Would you retype exactly the lines below, starting with the one that has "2024 Ford F-350SD XLT" and going on through the one that has "5695 Bloomfield, Simi Valley, CA 93063 - #3", with no pictures and nothing else?

(Data extracted from a collection)
————————
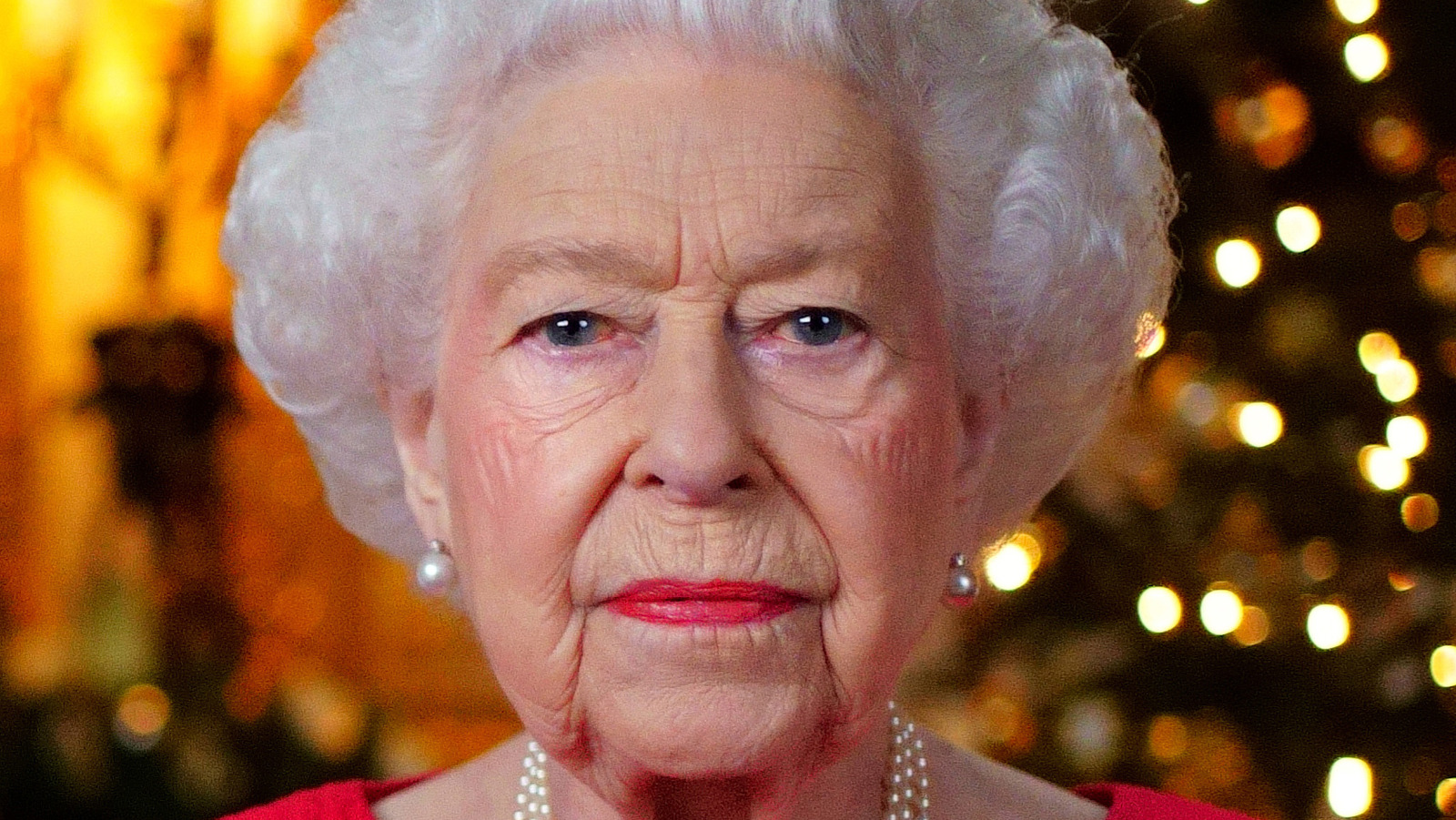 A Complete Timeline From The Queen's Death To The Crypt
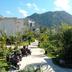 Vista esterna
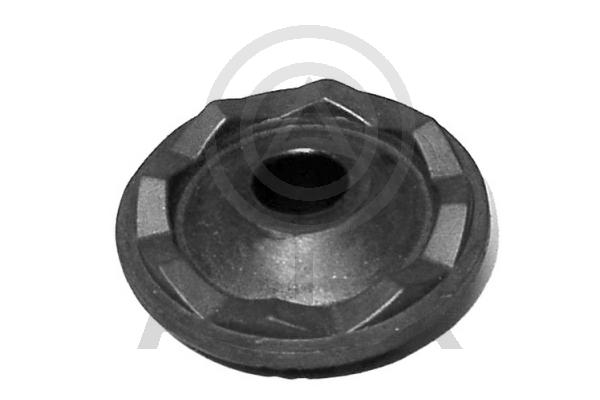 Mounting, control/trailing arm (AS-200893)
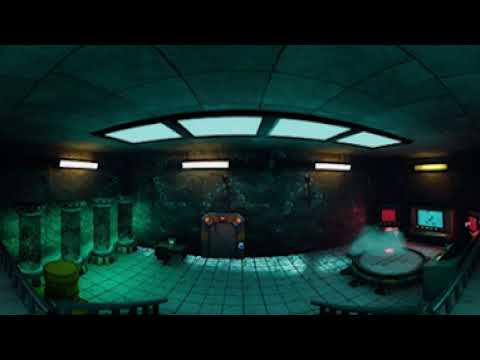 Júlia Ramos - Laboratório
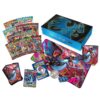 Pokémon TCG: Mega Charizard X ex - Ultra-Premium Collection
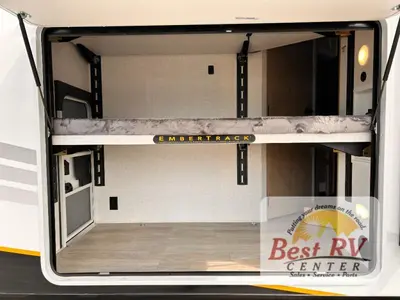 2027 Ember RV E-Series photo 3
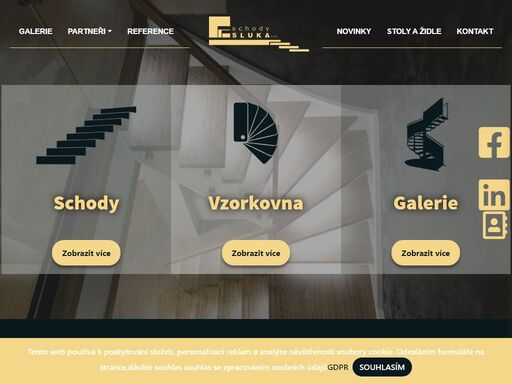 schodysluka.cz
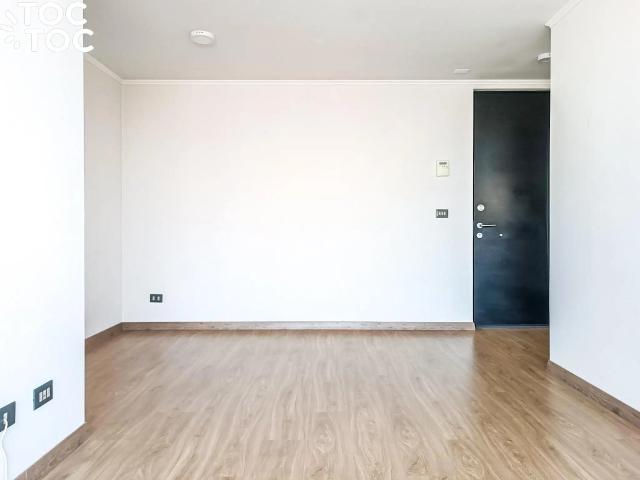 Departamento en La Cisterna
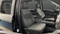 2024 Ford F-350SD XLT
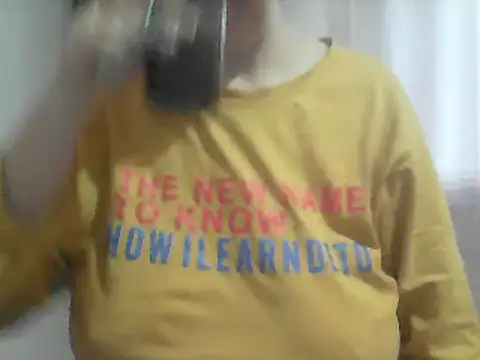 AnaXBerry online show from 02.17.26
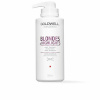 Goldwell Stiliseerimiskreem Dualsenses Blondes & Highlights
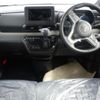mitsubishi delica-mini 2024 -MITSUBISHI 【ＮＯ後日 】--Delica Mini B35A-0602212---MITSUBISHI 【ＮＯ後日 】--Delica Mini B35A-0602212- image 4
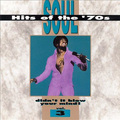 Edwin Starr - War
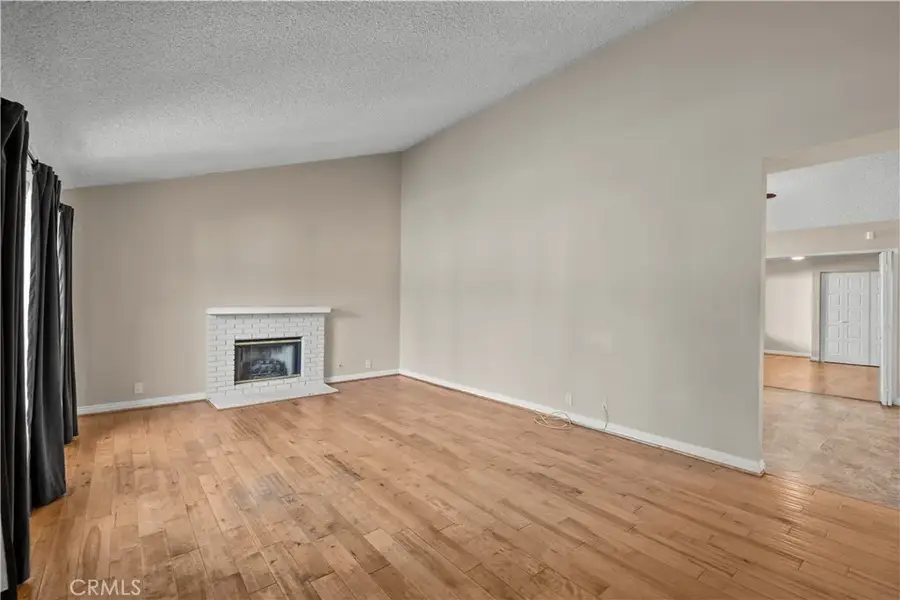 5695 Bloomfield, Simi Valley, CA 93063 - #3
————————
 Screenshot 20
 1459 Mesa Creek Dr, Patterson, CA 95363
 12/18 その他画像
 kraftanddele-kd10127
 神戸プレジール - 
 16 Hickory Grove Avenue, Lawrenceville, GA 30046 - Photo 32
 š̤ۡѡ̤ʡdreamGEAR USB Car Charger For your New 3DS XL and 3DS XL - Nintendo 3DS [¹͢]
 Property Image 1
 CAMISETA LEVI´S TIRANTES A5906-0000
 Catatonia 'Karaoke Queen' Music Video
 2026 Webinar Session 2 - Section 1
————————
> _RESPONSE TO THIS EXERCISE_:
 2024 Ford F-350SD XLT
 AnaXBerry online show from 02.17.26
 Goldwell Stiliseerimiskreem Dualsenses Blondes & Highlights
mitsubishi delica-mini 2024 -MITSUBISHI 【ＮＯ後日 】--Delica Mini B35A-0602212---MITSUBISHI 【ＮＯ後日 】--Delica Mini B35A-0602212- image 4
 Edwin Starr - War
 5695 Bloomfield, Simi Valley, CA 93063 - #3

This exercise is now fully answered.